The famous pattern of Paleozoic domination by brachiopods followed by a later hegemony of clams arises as a result of one incident:  the Permian extinction.  Brachiopods exceed clams throughout the Paleozoic.  The Permian event then affects brachiopods far more strongly than clams.  Both groups decline, but clams much less so, and the earliest Triassic stage finds clams ahead, a status they have never relinquished.  (p. 386)

Exploration of the causes of the end-Permian mass extinction is beyond the scope of this post, but nothing in my reading on the subject implicates phosphorus.

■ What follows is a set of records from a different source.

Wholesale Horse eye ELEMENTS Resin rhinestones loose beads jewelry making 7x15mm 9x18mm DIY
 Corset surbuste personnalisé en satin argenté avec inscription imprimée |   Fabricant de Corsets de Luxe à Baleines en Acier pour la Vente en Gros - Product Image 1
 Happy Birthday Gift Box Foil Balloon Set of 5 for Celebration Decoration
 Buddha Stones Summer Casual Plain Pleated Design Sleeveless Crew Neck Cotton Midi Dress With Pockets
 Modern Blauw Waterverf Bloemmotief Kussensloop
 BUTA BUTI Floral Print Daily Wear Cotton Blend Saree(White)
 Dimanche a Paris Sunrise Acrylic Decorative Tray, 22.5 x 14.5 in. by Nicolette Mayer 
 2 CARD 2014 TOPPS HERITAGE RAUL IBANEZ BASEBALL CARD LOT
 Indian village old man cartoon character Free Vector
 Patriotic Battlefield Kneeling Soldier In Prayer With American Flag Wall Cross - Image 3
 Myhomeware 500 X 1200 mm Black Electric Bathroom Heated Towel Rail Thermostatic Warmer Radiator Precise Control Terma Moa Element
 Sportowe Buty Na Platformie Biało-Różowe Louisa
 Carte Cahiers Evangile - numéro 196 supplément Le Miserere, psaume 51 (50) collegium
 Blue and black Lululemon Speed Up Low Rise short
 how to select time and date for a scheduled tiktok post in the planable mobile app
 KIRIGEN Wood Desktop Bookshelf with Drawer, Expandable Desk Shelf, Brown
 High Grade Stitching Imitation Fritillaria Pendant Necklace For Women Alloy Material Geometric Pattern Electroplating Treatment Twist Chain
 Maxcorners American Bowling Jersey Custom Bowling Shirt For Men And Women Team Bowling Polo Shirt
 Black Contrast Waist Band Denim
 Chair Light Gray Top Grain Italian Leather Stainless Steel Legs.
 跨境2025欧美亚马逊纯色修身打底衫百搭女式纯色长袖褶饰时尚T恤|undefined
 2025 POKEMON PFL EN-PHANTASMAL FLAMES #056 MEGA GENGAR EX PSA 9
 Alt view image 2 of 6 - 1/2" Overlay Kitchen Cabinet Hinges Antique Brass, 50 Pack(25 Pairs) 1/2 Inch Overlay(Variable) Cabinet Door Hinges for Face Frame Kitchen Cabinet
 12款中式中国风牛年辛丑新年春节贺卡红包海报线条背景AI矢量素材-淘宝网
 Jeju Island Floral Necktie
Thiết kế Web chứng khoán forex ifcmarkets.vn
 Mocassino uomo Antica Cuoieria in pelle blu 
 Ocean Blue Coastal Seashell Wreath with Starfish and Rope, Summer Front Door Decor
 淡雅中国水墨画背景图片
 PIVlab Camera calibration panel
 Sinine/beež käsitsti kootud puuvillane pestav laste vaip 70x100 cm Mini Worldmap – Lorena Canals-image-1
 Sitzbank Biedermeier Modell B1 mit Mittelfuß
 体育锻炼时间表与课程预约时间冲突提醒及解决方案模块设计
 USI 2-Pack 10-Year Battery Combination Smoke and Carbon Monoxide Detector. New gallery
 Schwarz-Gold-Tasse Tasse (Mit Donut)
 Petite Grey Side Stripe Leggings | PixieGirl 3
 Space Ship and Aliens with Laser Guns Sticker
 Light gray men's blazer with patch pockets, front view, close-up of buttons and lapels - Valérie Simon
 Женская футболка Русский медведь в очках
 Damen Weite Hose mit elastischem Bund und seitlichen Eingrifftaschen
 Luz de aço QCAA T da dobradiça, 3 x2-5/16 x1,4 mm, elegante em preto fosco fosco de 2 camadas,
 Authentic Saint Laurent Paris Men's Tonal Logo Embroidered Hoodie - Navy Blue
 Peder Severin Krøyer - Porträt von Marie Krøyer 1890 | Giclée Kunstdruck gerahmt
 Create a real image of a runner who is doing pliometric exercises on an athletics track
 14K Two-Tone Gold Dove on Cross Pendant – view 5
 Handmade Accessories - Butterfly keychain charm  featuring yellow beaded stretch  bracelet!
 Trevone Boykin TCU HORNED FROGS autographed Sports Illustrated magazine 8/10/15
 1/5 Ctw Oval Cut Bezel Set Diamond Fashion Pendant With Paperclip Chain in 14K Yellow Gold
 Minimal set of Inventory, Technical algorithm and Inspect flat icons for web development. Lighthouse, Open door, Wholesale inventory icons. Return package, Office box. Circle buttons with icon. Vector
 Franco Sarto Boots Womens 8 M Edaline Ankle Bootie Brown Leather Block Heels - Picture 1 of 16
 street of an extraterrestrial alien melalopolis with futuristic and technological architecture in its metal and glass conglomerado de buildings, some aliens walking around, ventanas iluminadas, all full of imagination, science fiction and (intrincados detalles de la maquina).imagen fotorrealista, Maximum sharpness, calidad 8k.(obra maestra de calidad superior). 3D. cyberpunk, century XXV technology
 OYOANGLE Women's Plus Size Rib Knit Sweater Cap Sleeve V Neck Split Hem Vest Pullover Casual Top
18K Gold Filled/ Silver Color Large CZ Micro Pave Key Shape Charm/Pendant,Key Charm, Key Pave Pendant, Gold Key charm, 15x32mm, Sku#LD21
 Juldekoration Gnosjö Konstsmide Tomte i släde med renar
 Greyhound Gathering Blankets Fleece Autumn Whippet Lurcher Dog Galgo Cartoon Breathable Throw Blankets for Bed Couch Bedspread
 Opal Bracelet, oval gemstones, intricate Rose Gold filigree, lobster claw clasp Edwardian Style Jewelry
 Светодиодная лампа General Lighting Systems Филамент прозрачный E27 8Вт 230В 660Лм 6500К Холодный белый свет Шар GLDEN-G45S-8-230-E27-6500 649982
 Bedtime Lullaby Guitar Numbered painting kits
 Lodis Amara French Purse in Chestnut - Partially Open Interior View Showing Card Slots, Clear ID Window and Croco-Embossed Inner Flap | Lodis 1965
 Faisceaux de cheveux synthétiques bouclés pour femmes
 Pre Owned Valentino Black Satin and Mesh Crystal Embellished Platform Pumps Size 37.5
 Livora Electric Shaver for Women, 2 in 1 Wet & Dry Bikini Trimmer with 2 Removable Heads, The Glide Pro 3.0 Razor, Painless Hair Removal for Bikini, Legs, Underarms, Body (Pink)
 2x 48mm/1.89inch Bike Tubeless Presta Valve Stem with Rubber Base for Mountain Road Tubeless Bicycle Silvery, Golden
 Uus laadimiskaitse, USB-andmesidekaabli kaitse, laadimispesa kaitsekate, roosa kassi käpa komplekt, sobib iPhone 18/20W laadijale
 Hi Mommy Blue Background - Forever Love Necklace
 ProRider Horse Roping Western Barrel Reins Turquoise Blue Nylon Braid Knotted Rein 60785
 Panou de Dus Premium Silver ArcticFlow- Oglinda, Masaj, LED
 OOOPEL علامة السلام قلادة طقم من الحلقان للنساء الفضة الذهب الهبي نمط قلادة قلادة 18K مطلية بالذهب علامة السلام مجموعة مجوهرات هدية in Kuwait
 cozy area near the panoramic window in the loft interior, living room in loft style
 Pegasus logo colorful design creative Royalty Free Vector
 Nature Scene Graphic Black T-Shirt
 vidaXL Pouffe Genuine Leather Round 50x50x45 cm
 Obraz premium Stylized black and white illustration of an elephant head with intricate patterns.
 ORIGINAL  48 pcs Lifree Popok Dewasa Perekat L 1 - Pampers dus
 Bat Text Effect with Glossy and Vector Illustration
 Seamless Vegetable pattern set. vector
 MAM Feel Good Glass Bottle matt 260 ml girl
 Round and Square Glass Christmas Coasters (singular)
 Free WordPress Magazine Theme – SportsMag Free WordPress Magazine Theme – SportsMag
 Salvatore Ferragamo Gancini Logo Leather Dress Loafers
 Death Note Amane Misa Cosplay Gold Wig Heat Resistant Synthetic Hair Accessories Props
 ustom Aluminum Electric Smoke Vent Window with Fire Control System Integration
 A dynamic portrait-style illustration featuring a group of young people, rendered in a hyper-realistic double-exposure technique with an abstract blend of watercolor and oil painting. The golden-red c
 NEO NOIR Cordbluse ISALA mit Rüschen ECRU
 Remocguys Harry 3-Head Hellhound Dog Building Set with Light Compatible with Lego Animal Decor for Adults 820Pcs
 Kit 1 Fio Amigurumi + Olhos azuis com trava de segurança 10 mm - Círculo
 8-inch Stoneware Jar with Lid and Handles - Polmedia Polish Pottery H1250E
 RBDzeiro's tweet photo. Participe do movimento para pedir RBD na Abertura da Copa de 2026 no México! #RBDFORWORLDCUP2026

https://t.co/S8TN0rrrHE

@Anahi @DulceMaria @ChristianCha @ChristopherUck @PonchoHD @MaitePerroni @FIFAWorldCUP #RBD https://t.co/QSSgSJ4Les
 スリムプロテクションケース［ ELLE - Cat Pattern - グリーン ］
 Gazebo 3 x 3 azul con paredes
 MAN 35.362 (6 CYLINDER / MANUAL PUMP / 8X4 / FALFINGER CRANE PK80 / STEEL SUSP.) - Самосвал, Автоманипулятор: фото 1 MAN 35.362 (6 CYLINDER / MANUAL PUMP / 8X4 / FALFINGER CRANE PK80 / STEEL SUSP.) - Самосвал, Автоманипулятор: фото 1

Here’s my take on the hypothesis advanced by Kraft and Mergl.  Frankly, I don’t see any room for the dramatic struggle that Angier depicts in her article which is, I think, misplaced, failing to acknowledge that brachiopods did not fade into obscurity because of a change in the availability of phosphorus.  In my opinion, the soundest takeaway from the Kraft and Mergl hypothesis is that fluctuation in the availability of phosphorus may well have influenced how evolution proceeded with regard to shell building.  An abundant supply in the Cambrian may have enabled many inarticulated brachiopods with their calcium phosphate shells to flourish, and they may have suffered as the supply of phosphorus decreased, but they never went away.  Not as exciting or newsworthy I guess.

A couple of final points.  The hypothesis being put forward by Kraft and Mergl isn’t really new.  As early as 1984, paleontologists Peter J. Cook and John H. Shergold posited that an abundance of phosphorus across the late Precambrian and early Cambrian may have given rise to a shelled fauna utilizing calcium phosphate as the building material.  (Phosphorus, Phosphorites, and Skeletal Evolution at the Precambrian-Cambrian Boundary, Nature, Volume 308, March 15, 1984.)  They are cited by Kraft and Mergl in a footnote.

Another aspect of Angier’s column I found rather confusing.  The print and online versions are illustrated with a photograph of an assemblage of fossils whose caption points specifically to one from the Leptaena genus of brachiopods.  I won’t violate copyright law and reproduce that photograph here.  Instead, here is a picture of a portion (about 20 mm across) of a Leptaena brachiopod from my fossil collection.  It's on a piece of limestone from the Brookville Formation (Indiana), Late Ordovician in age.

So, why, I wonder, would a brachiopod from this genus be used in Angier’s column, given that this is an articulated brachiopod whose shell is made of calcium carbonate?